EC approves Rybrevant with Lazcluze for advanced lung cancer

New chemotherapy-free treatment shows promise for EGFR-mutated NSCLC

Janssen-Cilag International NV, a Johnson & Johnson company, announced that the European Commission has approved Rybrevant (amivantamab) in combination with Lazcluze (lazertinib) for first-line treatment of advanced non-small cell lung cancer (NSCLC) with specific EGFR mutations.

This approval marks a significant milestone in the treatment of EGFR-mutated NSCLC.

“For people living with advanced NSCLC harbouring EGFR mutations, new treatment options are urgently needed,” said Dr Enriqueta Felip, head of the thoracic cancer unit at Vall d’Hebron University Hospital. “The combination of amivantamab and lazertinib has shown significant progression-free survival improvements, including for patients with brain metastases.”

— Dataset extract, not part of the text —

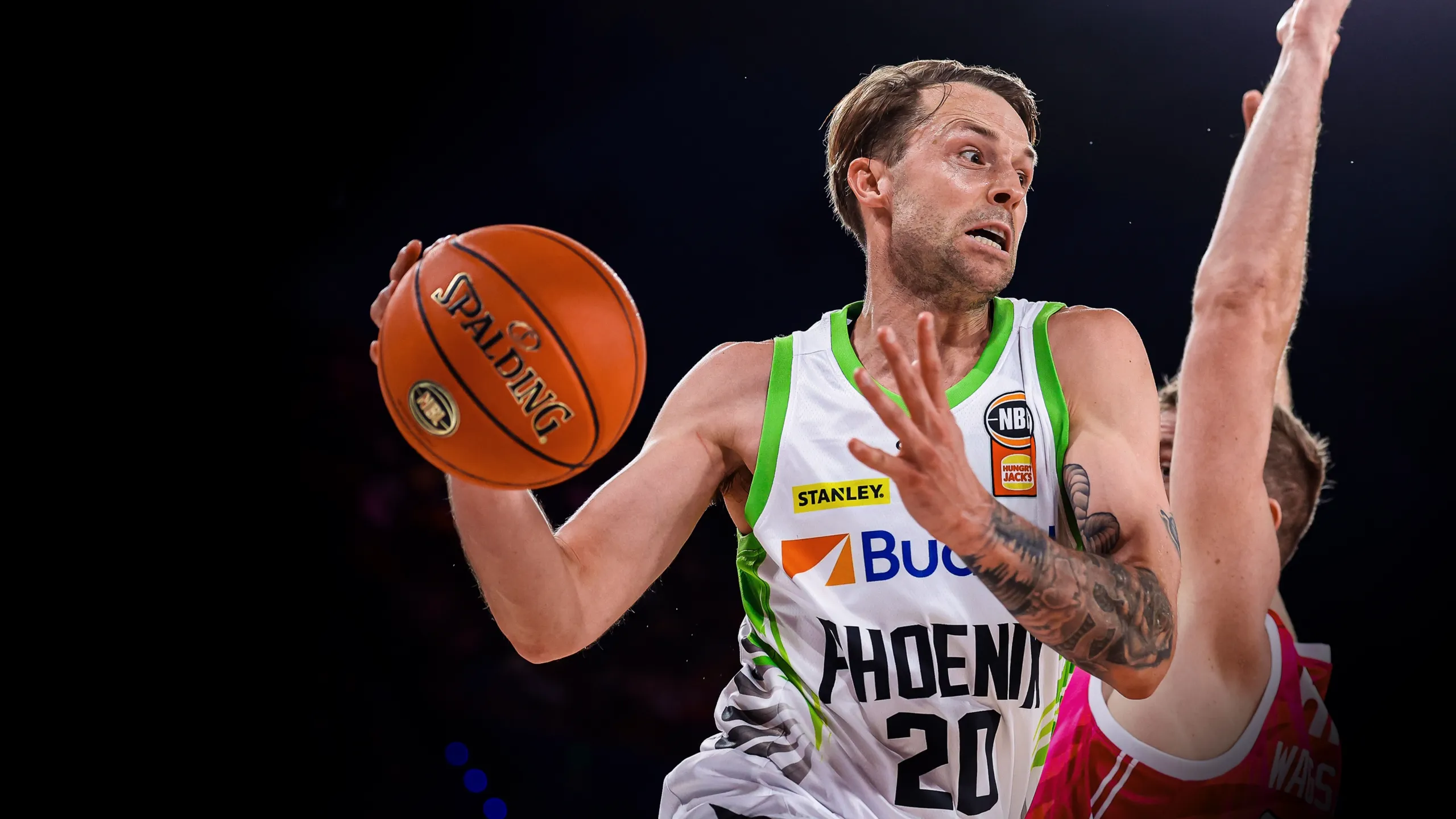 South East Melbourne Phoenix vs. Melbourne United (Round 4)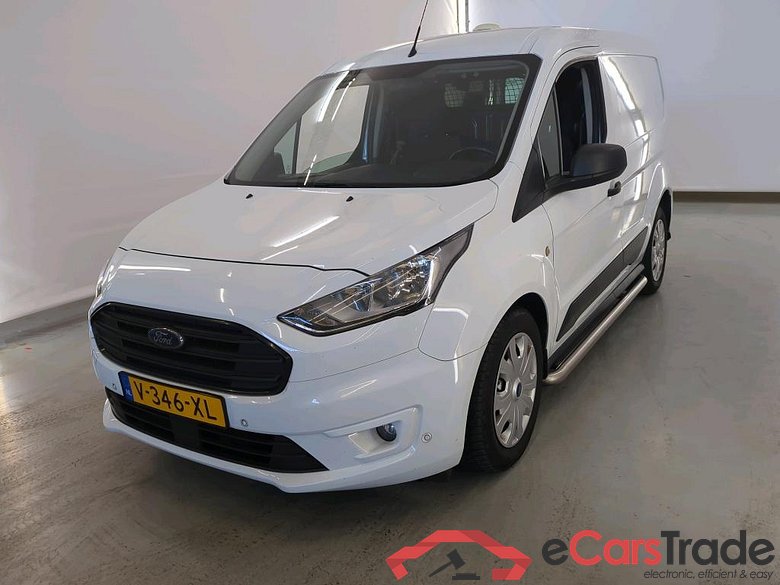 Ford * Trans.Conne. FL'18 Ford Transit Connect L1 Trend 1.5 TDCi EcoBlue HP 100 pk 4d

Lung cancer is Europe’s biggest cancer killer, with NSCLC accounting for 85% of cases. EGFR mutation-positive NSCLC is a subtype based on specific mutations in the EGFR gene, with ex19del and exon 21 L858R being the most common.

Treatment resistance remains a challenge, highlighting the need for alternative therapies.

“This approval marks significant progress for those living with EGFR-mutated NSCLC, who often face poor prognosis,” said Dr Henar Hevia, Senior Director at Janssen. “The combination exemplifies targeted precision medicine, addressing the underlying genetic drivers and delaying the need for chemotherapy.”

The approval is based on the Phase 3 MARIPOSA study, which demonstrated that amivantamab plus lazertinib significantly reduced the risk of disease progression or death by 30% compared to osimertinib.

The median progression-free survival was 23.7 months for the combination therapy versus 16.6 months for osimertinib.

With this new approval, the combination of amivantamab and lazertinib offers a promising new standard of care for eligible patients in Europe.